The task:
Print the lines below from the line with "Cloud Keyboard and Mouse Wrist Rest Set" to the line with "Calandra 2 Piece" exactly, keeping both ends, and print no pictures.
══ Materials provided
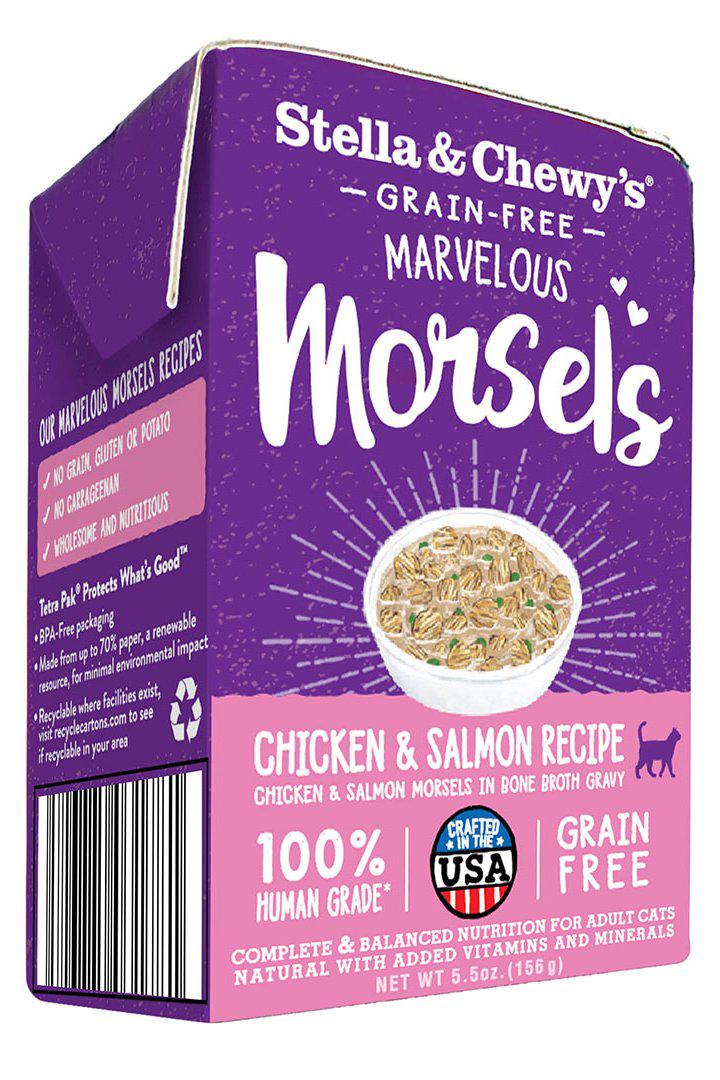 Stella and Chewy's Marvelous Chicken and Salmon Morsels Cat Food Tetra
════
══ Materials provided
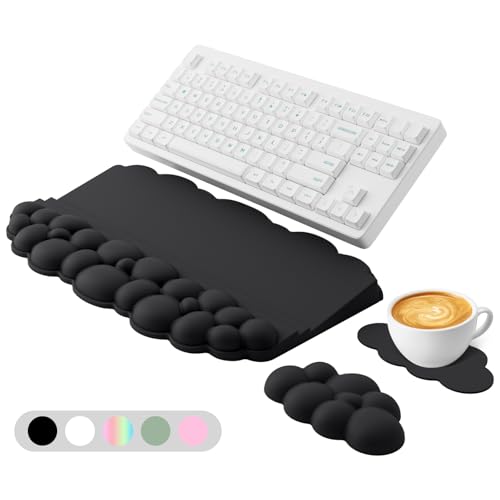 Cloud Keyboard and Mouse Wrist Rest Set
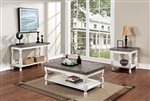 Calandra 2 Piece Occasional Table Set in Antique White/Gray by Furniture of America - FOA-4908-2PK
════
══ Materials provided
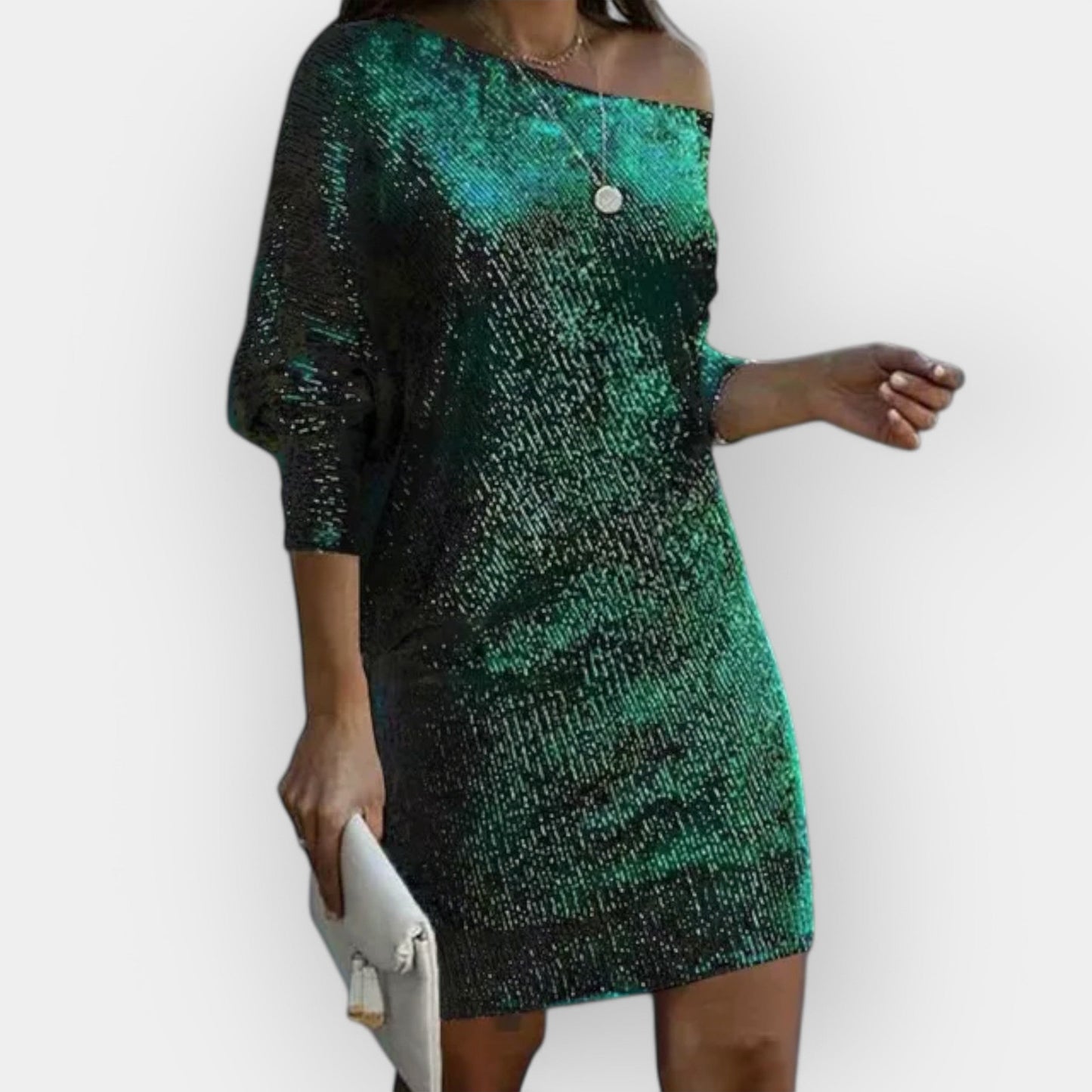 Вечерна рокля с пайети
════
Solution to this task:
 Cloud Keyboard and Mouse Wrist Rest Set
 Calandra 2 Piece Occasional Table Set in Antique White/Gray by Furniture of America - FOA-4908-2PK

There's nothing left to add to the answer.